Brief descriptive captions
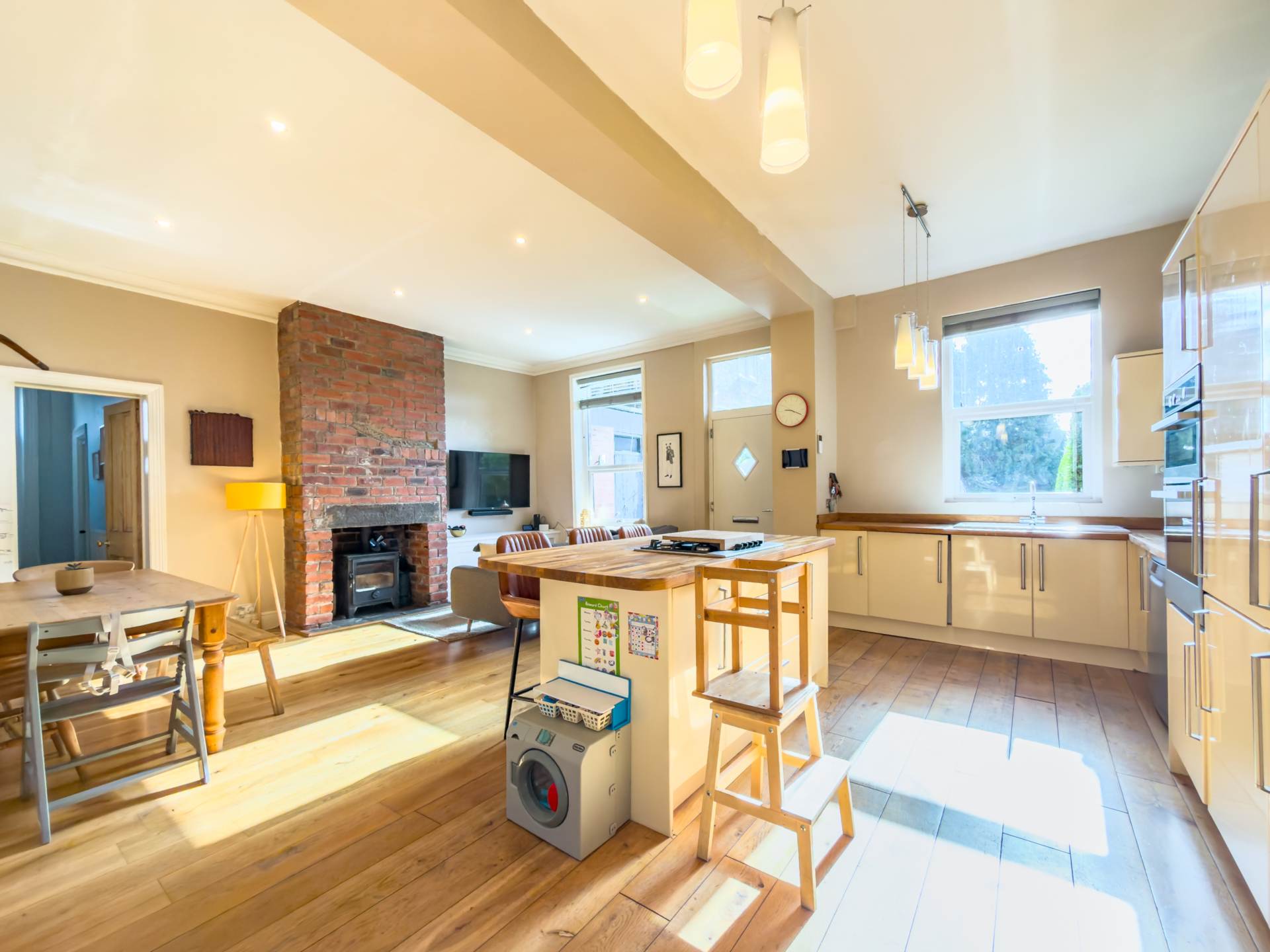 Scotland Street, Birstall, Image 7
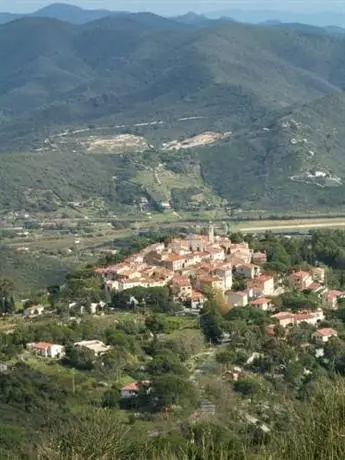 Hotel Santa Caterina Campo nell'Elba 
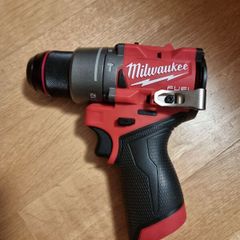 Milwaukee M12 Fuel Gen 3 Combi Drill Body
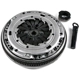 Purchase Top-Quality LUK - 17-050 - New Clutch Set pa3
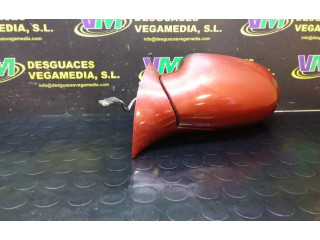 Зеркало электрическое        Mercedes-Benz A W168  1997 - 2004 года   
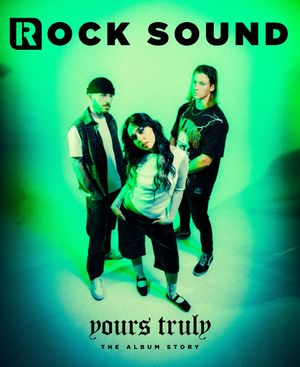 Image post by @rocksound on Instagram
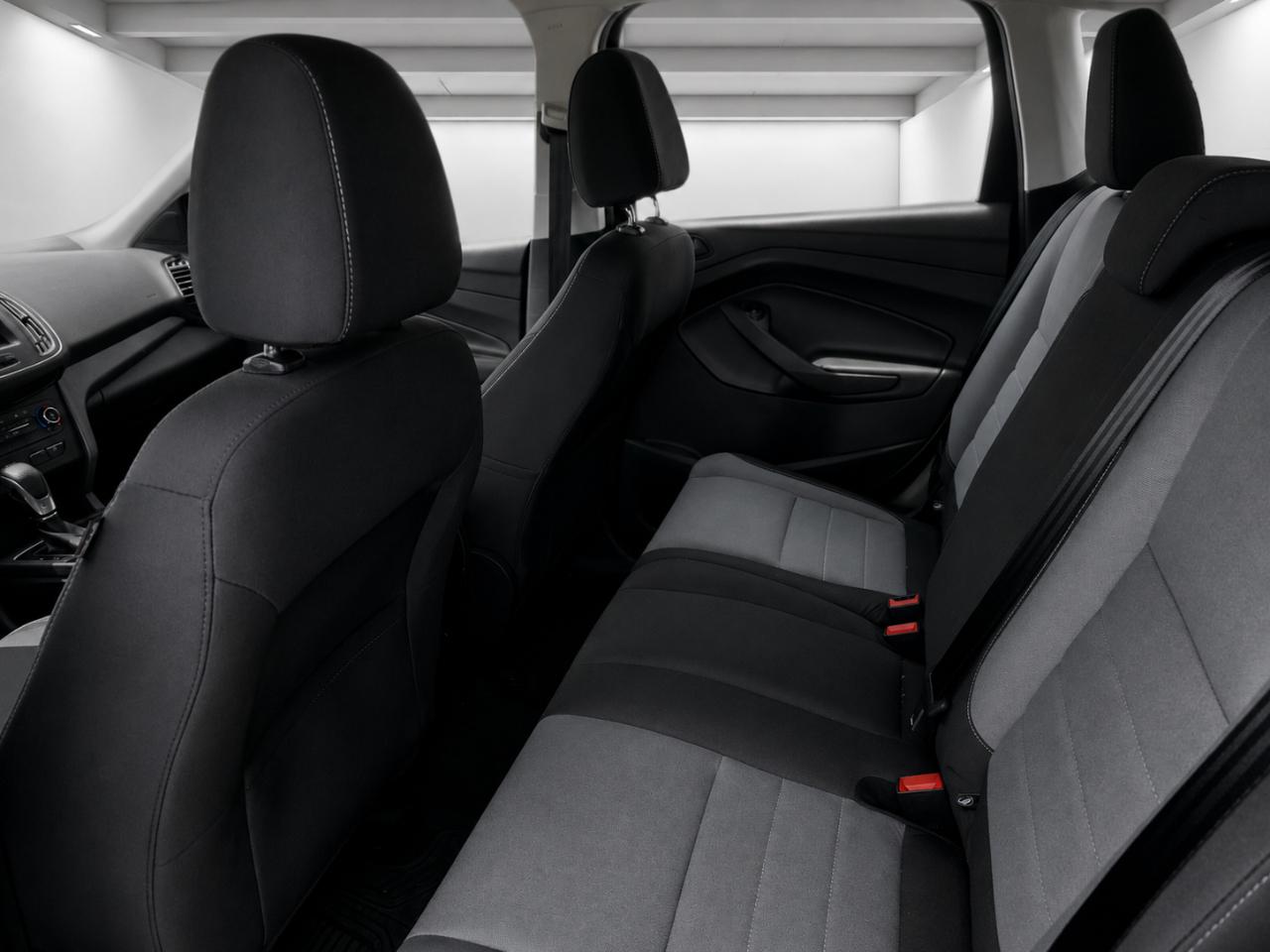 Ford Escape S FWD 2017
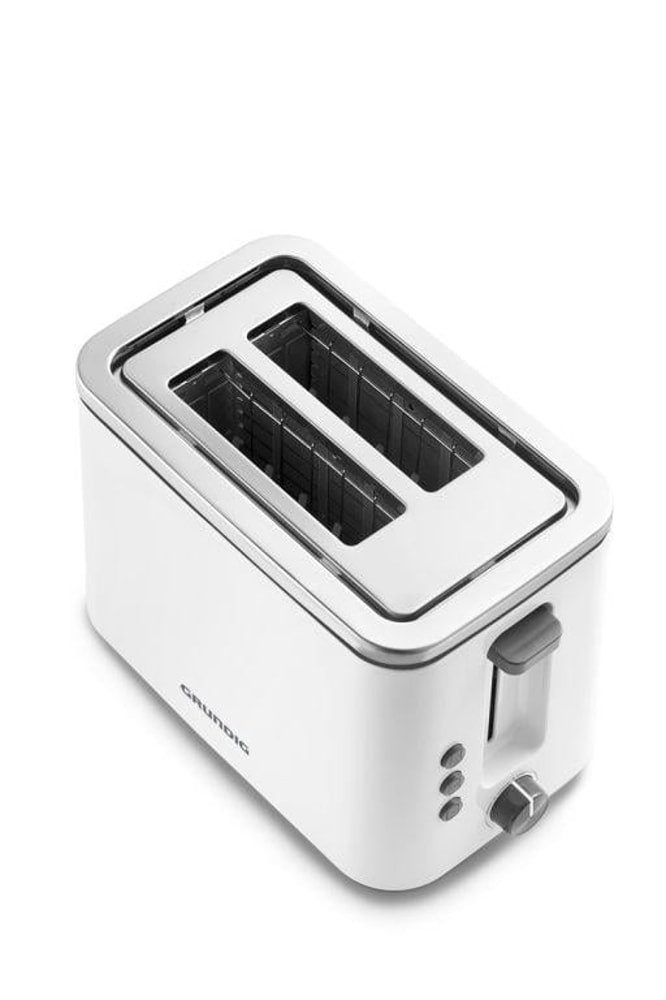 Toaster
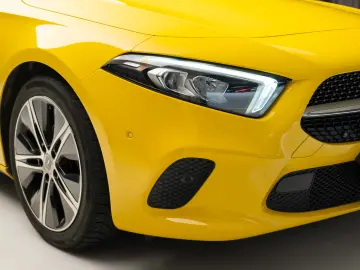 Mercedes-Benz A 180D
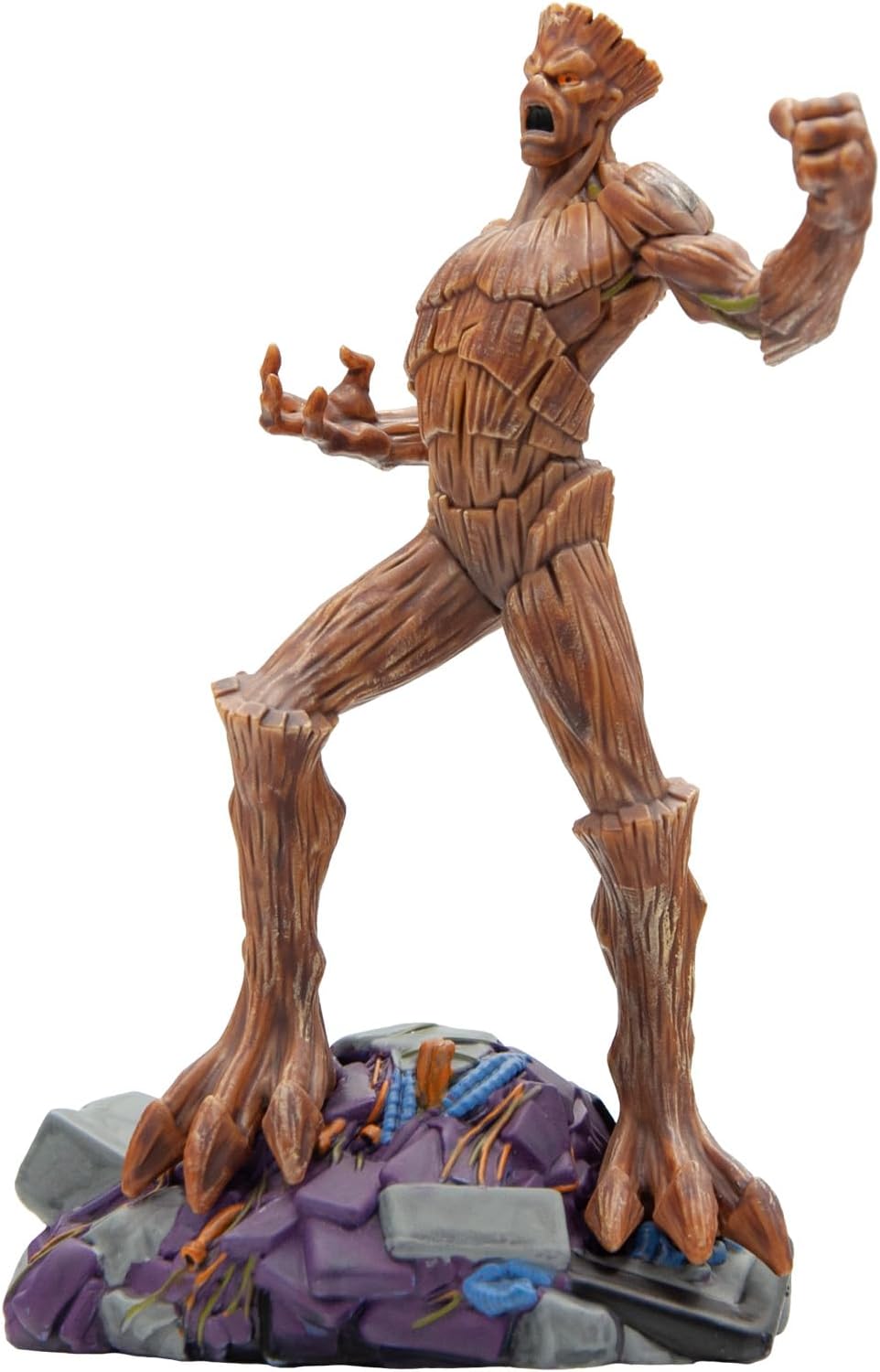 Bullyland Marvel Groot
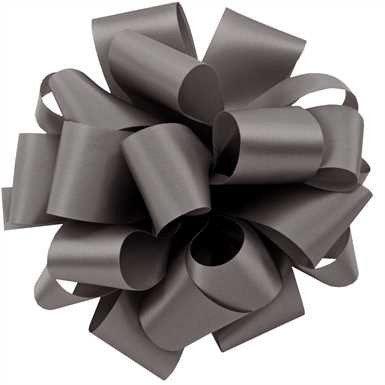 #9 Satin Pewter 100yrds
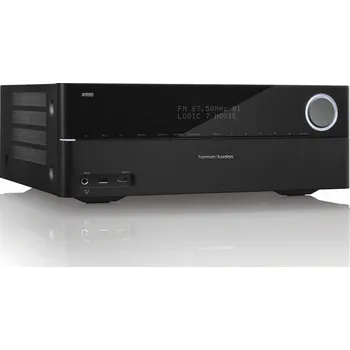 AV přijímač Harman/Kardon AVR 370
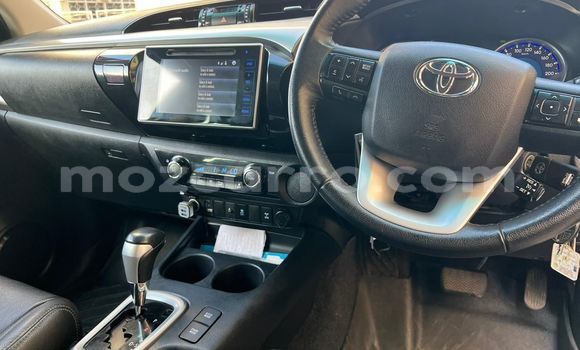 Nunua Ilio tumika Toyota Hiluxe Revo Nyeupe Gari ndani ya Maputo nchini Maputo Nunua Ilio tumika Toyota Hiluxe Revo Nyeupe Gari ndani ya Maputo nchini Maputo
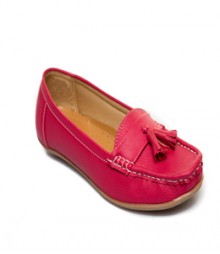 Cherry Casual Loafer Nag002ch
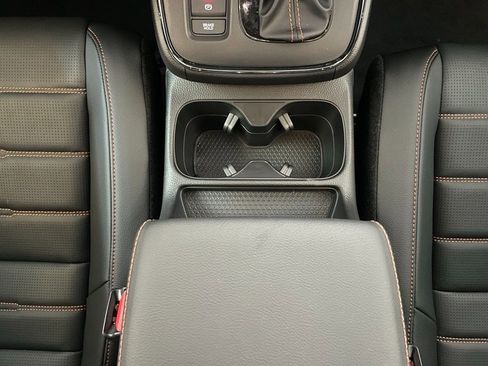 New 2026 Honda CR-V Sport-L image 35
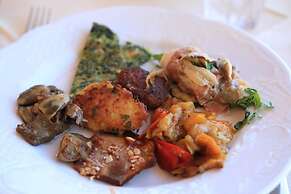 Casale Margherita turismo rurale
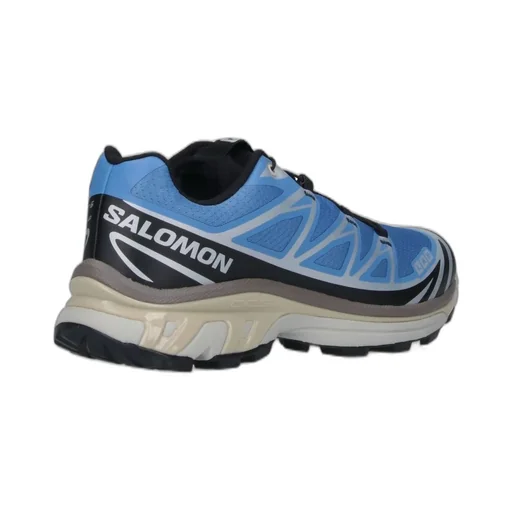 Salomon Xt-6 Gtx Lace-Up Sneakers
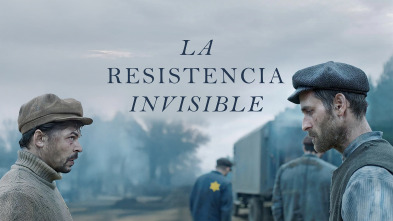 Imagen de La resistencia invisible - 2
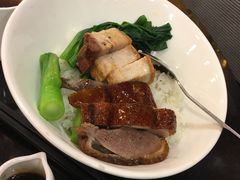 -丽的面家(多宝路店)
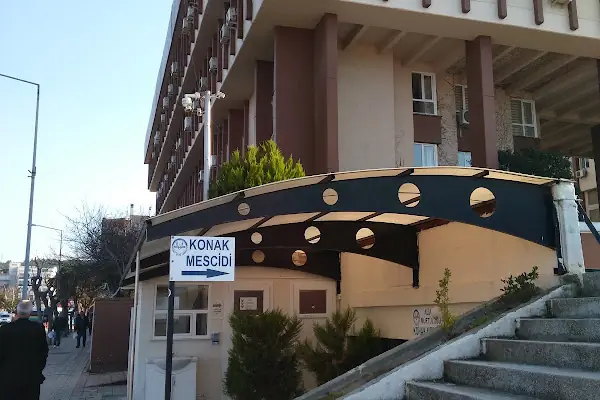 Aliağa Müftülüğü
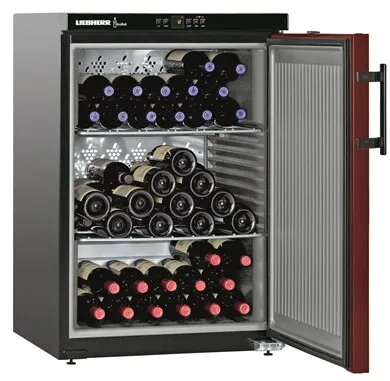 Liebherr WKR1811 Vinothek Wine Storage Cabinet 145 Litres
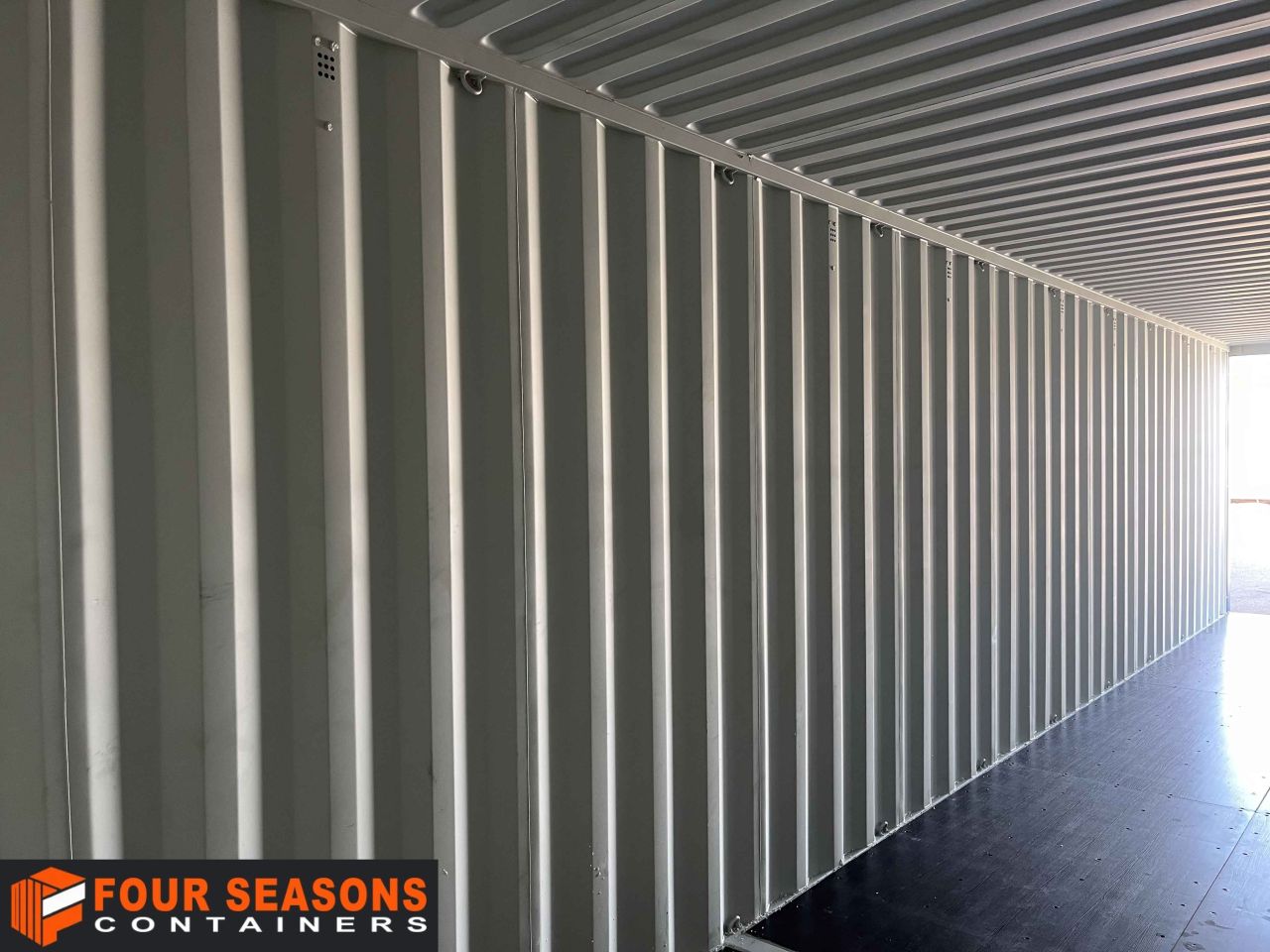 Sale of 40HC Shipping Containers One-Way, 581 517-2 – Photo 14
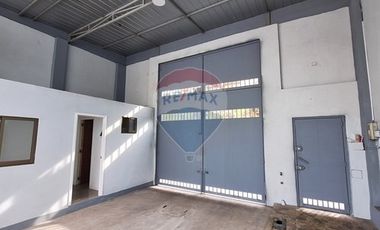 Sitio comercial muy estratégico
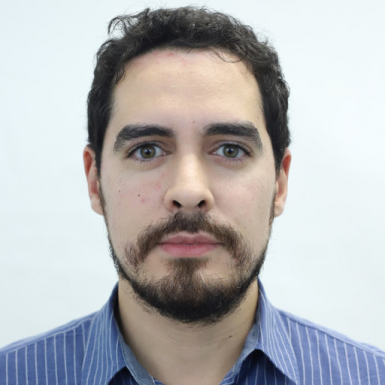 Lucas Borges Picarelli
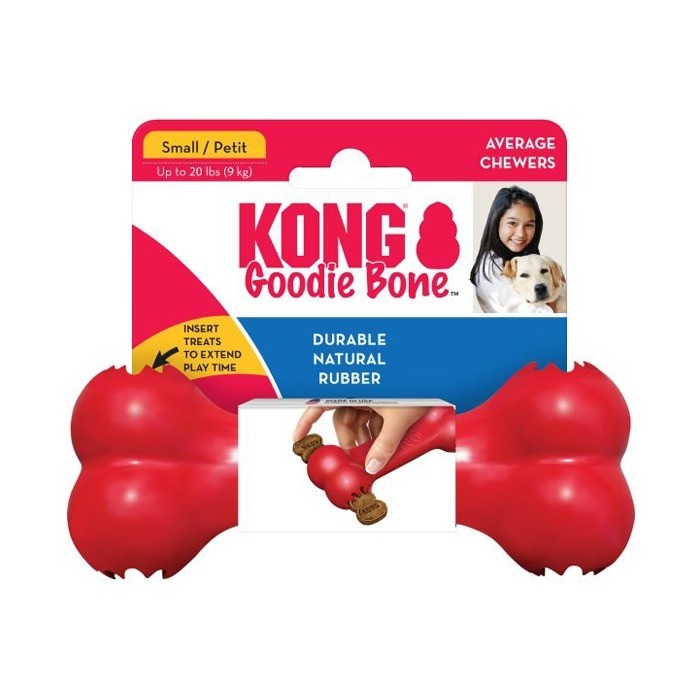 Kong Goodie Bone Gryzak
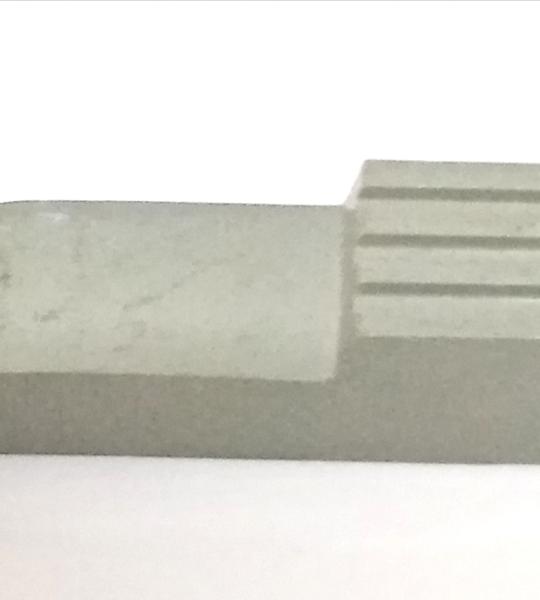 Tassello Blocca Vetro Deflettore Sportello per Piaggio Ape MP - P182654 182654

§ **PROBLEM**
Transcribe the records above exactly, skipping pictures.

§ **ANSWER TO THIS TASK**
 Scotland Street, Birstall, Image 7
 Hotel Santa Caterina Campo nell'Elba 
 Milwaukee M12 Fuel Gen 3 Combi Drill Body
 Purchase Top-Quality LUK - 17-050 - New Clutch Set pa3
 Зеркало электрическое        Mercedes-Benz A W168  1997 - 2004 года   
 Image post by @rocksound on Instagram
 Ford Escape S FWD 2017
 Toaster
 Mercedes-Benz A 180D
 Bullyland Marvel Groot
 #9 Satin Pewter 100yrds
 AV přijímač Harman/Kardon AVR 370
 Nunua Ilio tumika Toyota Hiluxe Revo Nyeupe Gari ndani ya Maputo nchini Maputo Nunua Ilio tumika Toyota Hiluxe Revo Nyeupe Gari ndani ya Maputo nchini Maputo
 Cherry Casual Loafer Nag002ch
 New 2026 Honda CR-V Sport-L image 35
 Casale Margherita turismo rurale
 Salomon Xt-6 Gtx Lace-Up Sneakers
 Imagen de La resistencia invisible - 2
 -丽的面家(多宝路店)
 Aliağa Müftülüğü
 Liebherr WKR1811 Vinothek Wine Storage Cabinet 145 Litres
 Sale of 40HC Shipping Containers One-Way, 581 517-2 – Photo 14
 Sitio comercial muy estratégico
 Lucas Borges Picarelli
 Kong Goodie Bone Gryzak
 Tassello Blocca Vetro Deflettore Sportello per Piaggio Ape MP - P182654 182654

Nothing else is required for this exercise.